Neural Networks (IJCNN), The 2012 International Joint Conference on

DOI: 10.1109/IJCNN.2012.6252492

Abstract—As computers approach the physical limits of in- formation storable in memory, new methods will be needed to further improve information storage and retrieval. We propose a quantum inspired vector based approach, which offers a contextually dependent mapping from the subsymbolic to the symbolic representations of information. If implemented computationally, this approach would provide exceptionally high density of information storage, without the traditionally required physical increase in storage capacity. The approach is inspired by the structure of human memory and incorporates elements of Gaerdenfors’ Conceptual Space approach and Humphreys et al.’s matrix model of memory.

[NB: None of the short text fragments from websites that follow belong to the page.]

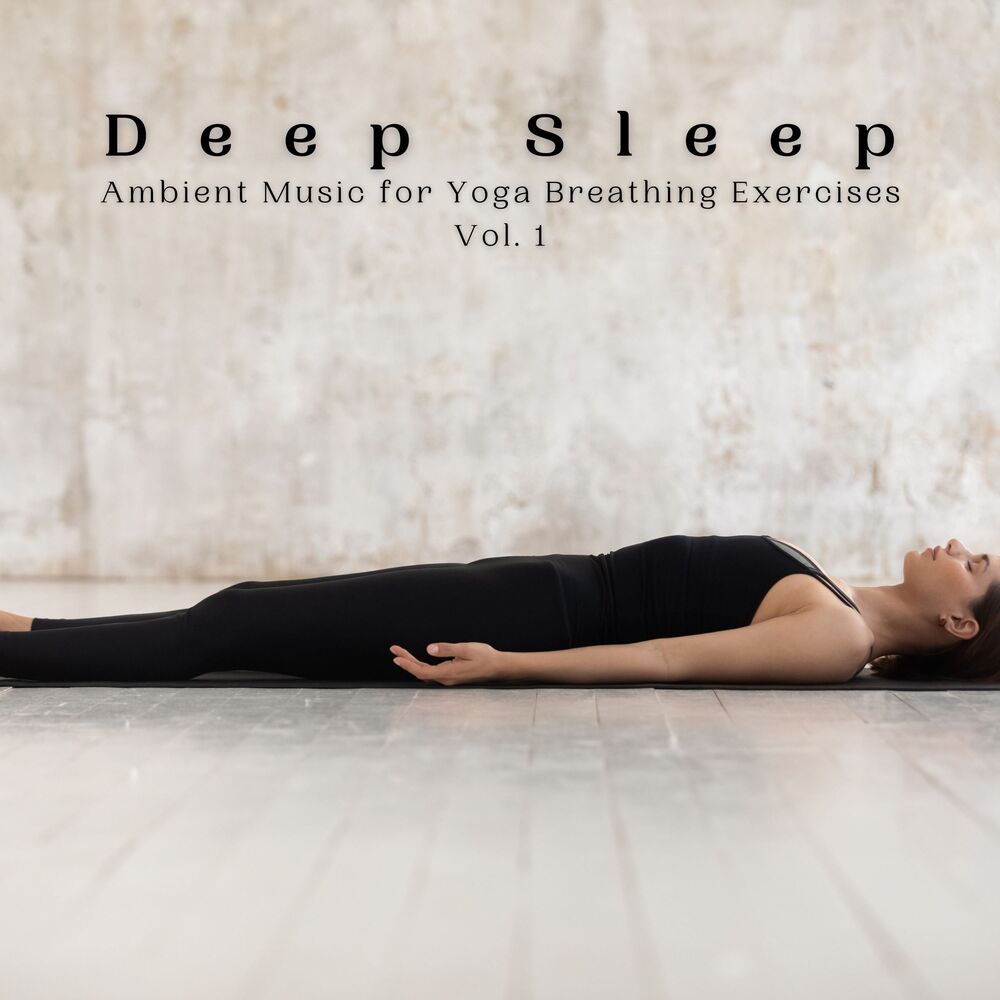 Picture of Deep Sleep: Ambient Music for Yoga Breathing Exercises Vol. 1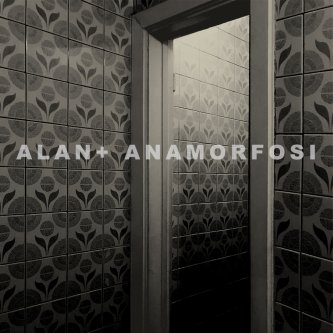 Copertina dell'album Anamorfosi, di ALAN+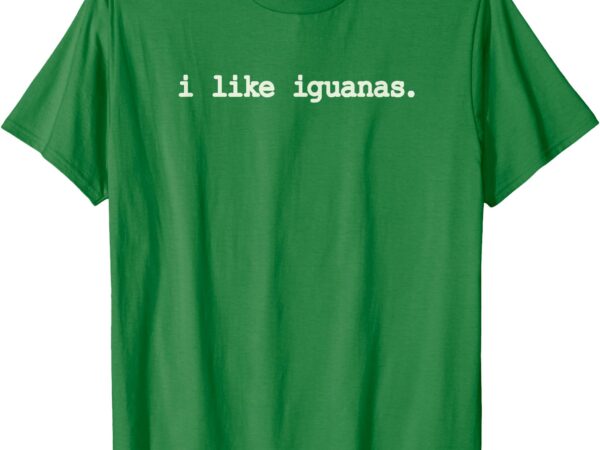 I like iguanas love t-shirt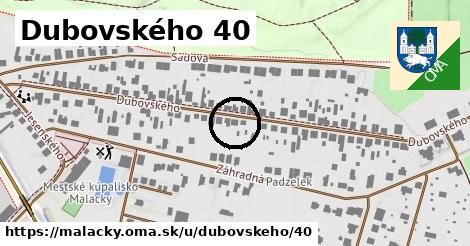 Dubovského 40, Malacky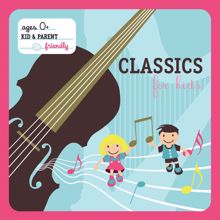 Various Artists: Classics For Kids (International Version)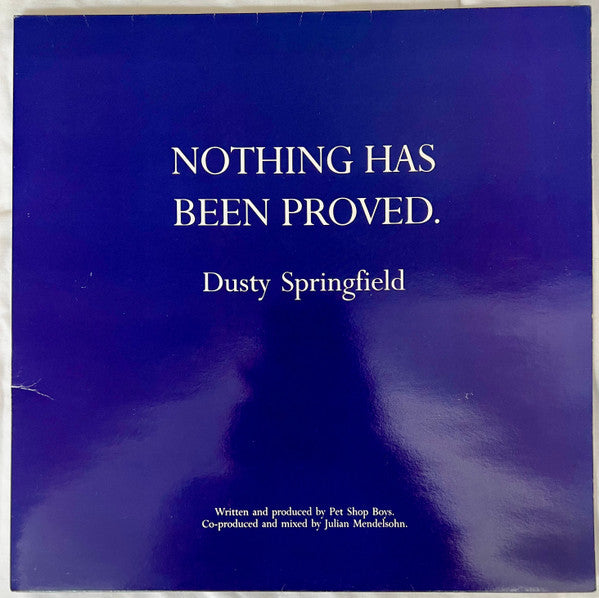 Dusty Springfield : Nothing Has Been Proved (12", Single, Ltd, Gat)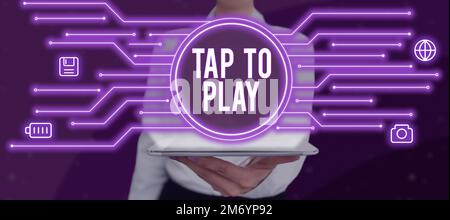 Sign Displaying Tap To Play. Concept Meaning Touch the Screen To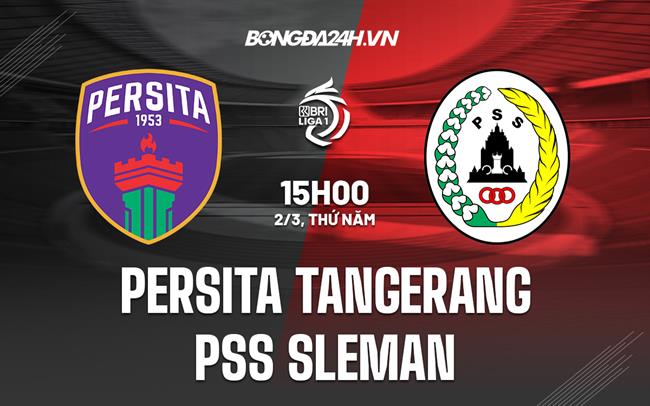 Nhận định Persita Tangerang vs PSS Sleman 15h00 ngày 2/3 (VĐQG Indonesia 2022/23)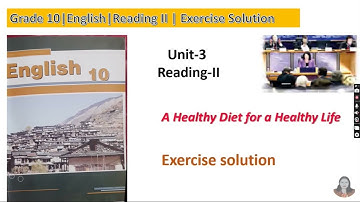 Exercise Solution to A Healthy Diet for a Healthy Life|Unit-3|Grade-10|Learn English With Namita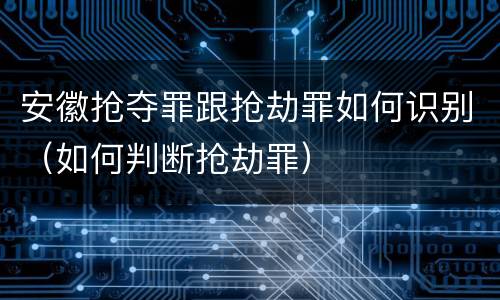 安徽抢夺罪跟抢劫罪如何识别（如何判断抢劫罪）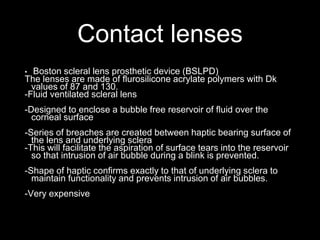 Contact lenses
• Boston scleral lens prosthetic device (BSLPD)
The lenses are made of flurosilicone acrylate polymers with Dk
values of 87 and 130.
-Fluid ventilated scleral lens
-Designed to enclose a bubble free reservoir of fluid over the
corneal surface
-Series of breaches are created between haptic bearing surface of
the lens and underlying sclera
-This will facilitate the aspiration of surface tears into the reservoir
so that intrusion of air bubble during a blink is prevented.
-Shape of haptic confirms exactly to that of underlying sclera to
maintain functionality and prevents intrusion of air bubbles.
-Very expensive
 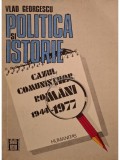 Vlad Georgescu - Politica si istorie (Editia: 1991)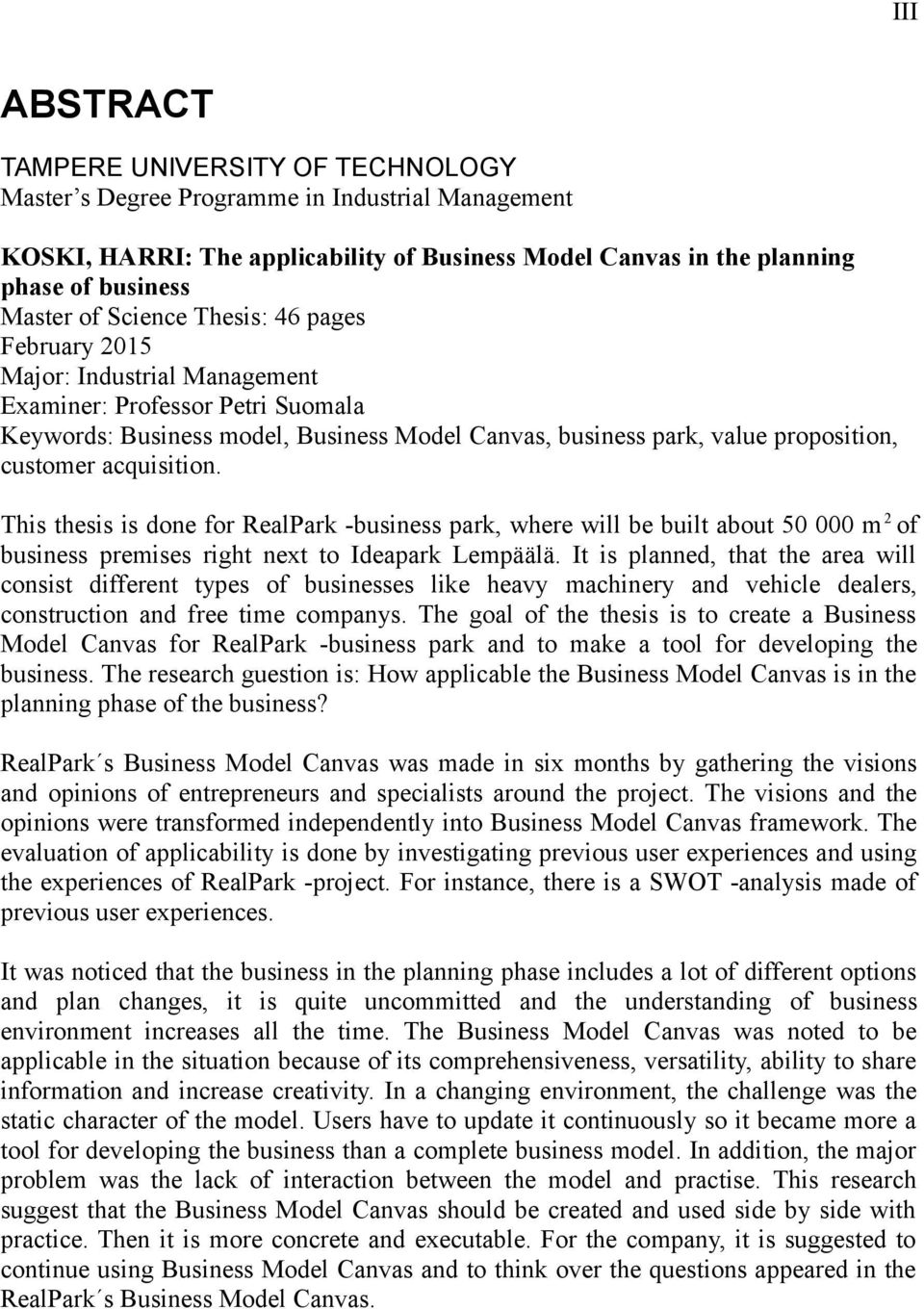 acquisition. This thesis is done for RealPark -business park, where will be built about 50 000 m 2 of business premises right next to Ideapark Lempäälä.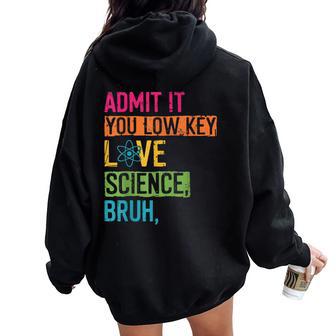Admit It You Low Key Love Science Bruh Scientist Teacher Women Oversized Hoodie Back Print - Thegiftio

The key components I find interesting are the relationship between symbolic and subsymbolic levels, and its movement towards a distributed overlaid model of memory, that causes excitations in related symbolic entities/terms.  The matrix notation allows for a representation of context as a matrix of features, which via tensor product formalism,  allows for memory to be a distributed process, with activations of related terms.

This is of interest to me, as we can start to utilise visual features in a computational model of subsymbolic components contributing to memory recall via similar inputs of features.

While this is strongly related to an NN associated matrix approach, it makes the relationships between the components explicit, and is thus a candidate as a cognitive model of priming in expert elicitation sessions.  This approach can then be used to modulate user interfaces in virtual world elicitation systems.